* SOURCE MATERIAL *
Start of Block

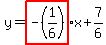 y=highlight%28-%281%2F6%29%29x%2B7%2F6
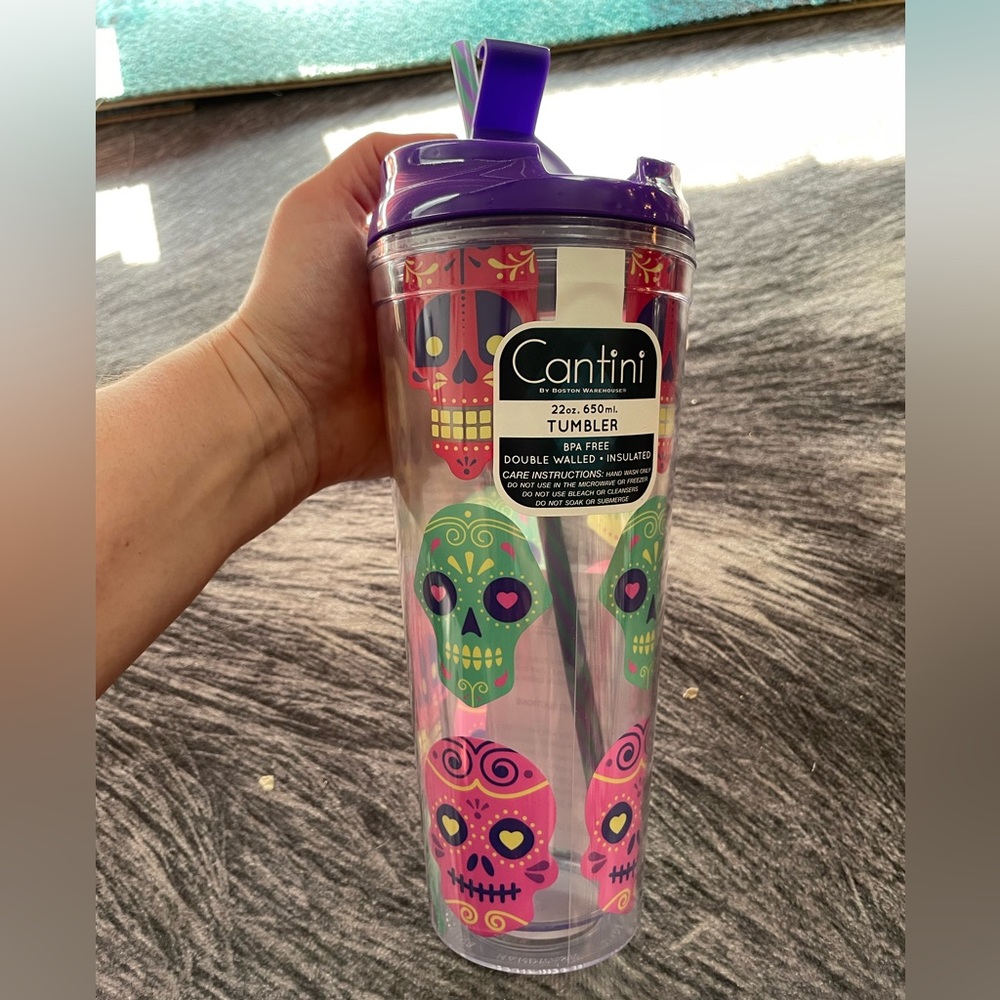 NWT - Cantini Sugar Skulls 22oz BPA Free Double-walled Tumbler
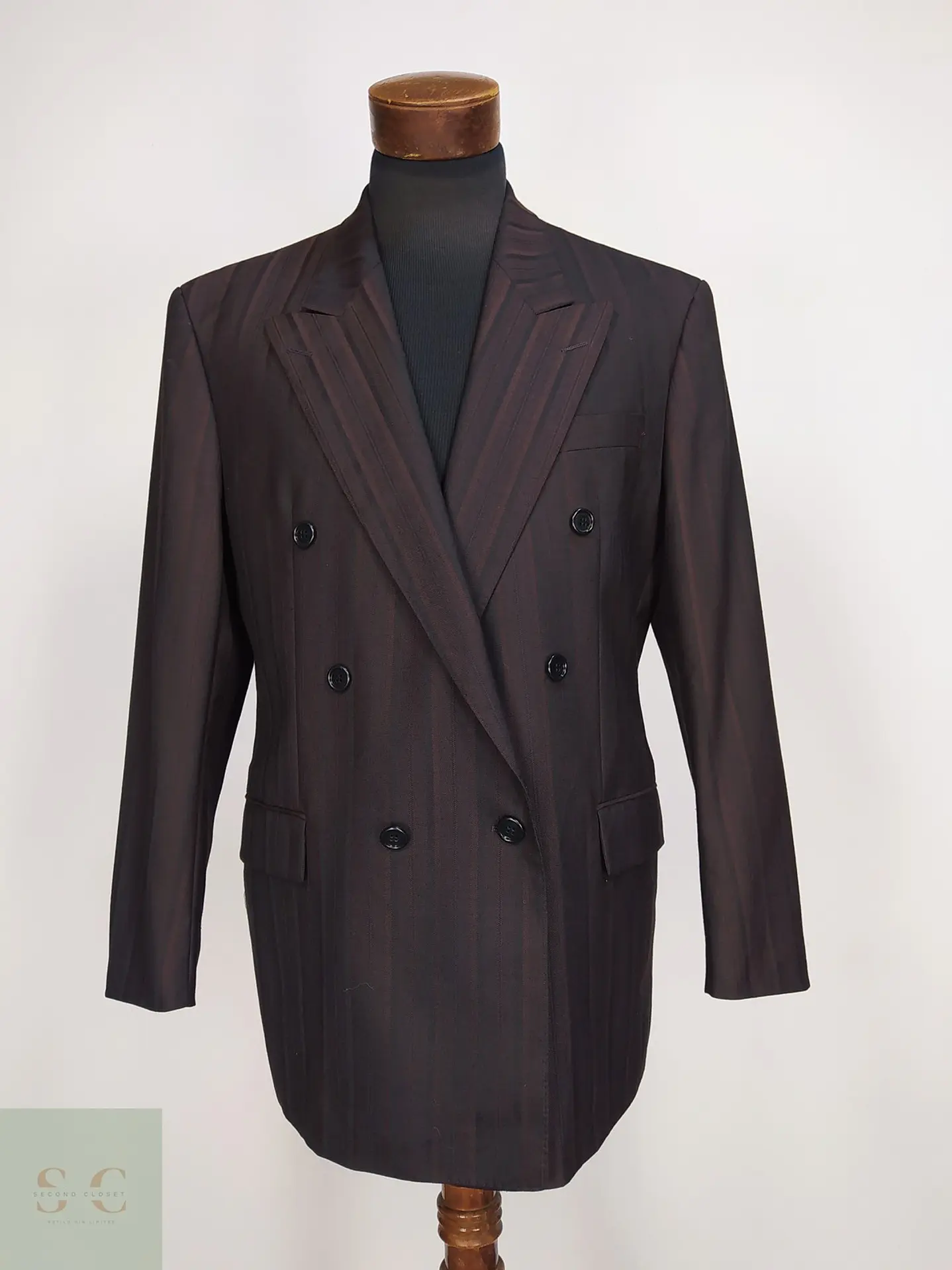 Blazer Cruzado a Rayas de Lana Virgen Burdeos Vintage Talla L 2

End of Block

* ABOUT THIS EXERCISE *
Keep every word of the data as it is when you write it out, but drop the pictures.

* EXPECTED OUTPUT *
 y=highlight%28-%281%2F6%29%29x%2B7%2F6
 NWT - Cantini Sugar Skulls 22oz BPA Free Double-walled Tumbler
 Blazer Cruzado a Rayas de Lana Virgen Burdeos Vintage Talla L 2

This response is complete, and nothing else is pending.